Grover Norquist has been strongly pressuring President Bush to not include any tax increase in any plan he may have for Social Security. There was probably no hope for a Social Security plan anyway, but eliminating the possibility of a tax increase makes it utterly impossible. Norquist may not be a household name, but he is one of the most important figures in right wing political circles and someone whom a weakened President Bush cannot afford to cross.

Fraud Allegation In Pennsylvania

The Pittsburgh Tribune-Review reports on Angelette Freeze who has been indicted for Social Security fraud for failing to reveal that she was married, a fact that would have affected her right to receive Supplemental Security Income from Social Security.

Grover Norquist Drives Another Nail In the Coffin

From Bloomberg:
Conservative leaders are confident their opposition to higher taxes scuttles any chance that President George W. Bush will make a deal with congressional Democrats to overhaul Social Security.

`Nothing will happen in the next two years'' on Social Security, said Grover Norquist, president of Americans for Tax Reform.

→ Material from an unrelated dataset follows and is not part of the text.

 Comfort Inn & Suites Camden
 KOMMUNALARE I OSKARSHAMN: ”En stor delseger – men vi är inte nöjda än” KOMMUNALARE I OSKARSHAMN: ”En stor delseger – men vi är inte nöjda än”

After lobbying Bush and Treasury Secretary Henry Paulson, Norquist said the officials made clear to him that ``they don't intend to raise taxes.'' Some Democrats have made Bush's willingness to consider tax increases a precondition for negotiations over Social Security.

House Social Security Subcommittee Members Announced

Hearing Scheduled On Astrue Nomination

The Senate Finance Committee has scheduled a hearing for January 24 on the nomination of Michael Astrue to become the next Commissioner of Social Security. No hearing has been scheduled on the nomination of Andrew Biggs to become Deputy Commissioner at Social Security. The failure to include Biggs' nomination in the January 24 hearing suggests that Biggs will never get a hearing.

COLA To Three Decimal Places

Social Security has published some of the least exciting rules in its history and that is saying something. Here is the summary from the Federal Register:
We are revising our rules that deal with automatic cost-of-living increases to primary insurance amounts under title II of the Social Security Act (the Act). The revision is necessary because, beginning with the Consumer Price Index (CPI) for January 2007, the Bureau of Labor Statistics will publish the CPI to three decimal places. The CPI is currently published to one decimal place as is now reflected in our regulations. With this revision, our rules will conform to the change in the reporting of the CPI.

Jan 17, 2007

House Appropriations Subcommittee Members

The House Appropriations Committee has named the members of its Labor, Health and Human Services, Education, and Related Agencies Subcommittee, which has jurisdiction over Social Security's appropriations. The list is below. Note the Dave Obey, the chair of this subcommittee, is also chair of the full committee, even though he is listed as only an ex officio member of the subcommittee. The Appropriations Committees may be more important for Social Security at this point than the substantive committees having to do with Social Security.

Chair: Dave Obey (WI)
Nita M. Lowey (NY)
Rosa L. DeLauro (CT)
Jesse L. Jackson, Jr. (IL)
Patrick J. Kennedy (RI)
Lucille Roybal-Allard (CA)
Barbara Lee (CA)
Tom Udall (NM)
Michael Honda (CA)
Betty McCollum (MN)
Tim Ryan (OH)
Dave Obey (WI), Ex Officio

MINORITY

Ranking Member:
James T. Walsh (NY)

Ralph Regula (OH)
John E. Peterson (PA)
Dave Weldon (FL)
Michael K. Simpson (ID)
Dennis R. Rehberg (MT)
Jerry Lewis (CA), Ex Officio

VA Disability Claim Backlogs Mirror SSA Backlogs

It is not just the Social Security Administration that has enormous backlogs of disability claims. Here is an excerpt from a CBS Evening News report:
Veterans returning from Iraq and Afghanistan have already filed 176,000 new disability claims, but have run into a VA backlog of more than 400,000 cases. VA officials say reducing this backlog is their top priority.

"I am not happy with it. I want it to be shorter," says [VA] Secretary Jim Nicholson.

Nicholson says the hurdle is that every claim has to be verified when none of the records are on computers. "They're all paper and some are (very) thick. We are working this; it's a big deal for us. It's a high priority," Nicholson says. [Note that VA is saying that a transition to paperless files is the key, which is exactly what the Commissioner of Social Security has been saying, although there is no evidence to date that the conversion to scanned files is doing anything to reduce the backlog at Social Security.]

But Nicholson insists the VA is not understaffed, an assertion veterans groups call absurd. Lewis sees a mistake-prone agency in need of a wartime upgrade.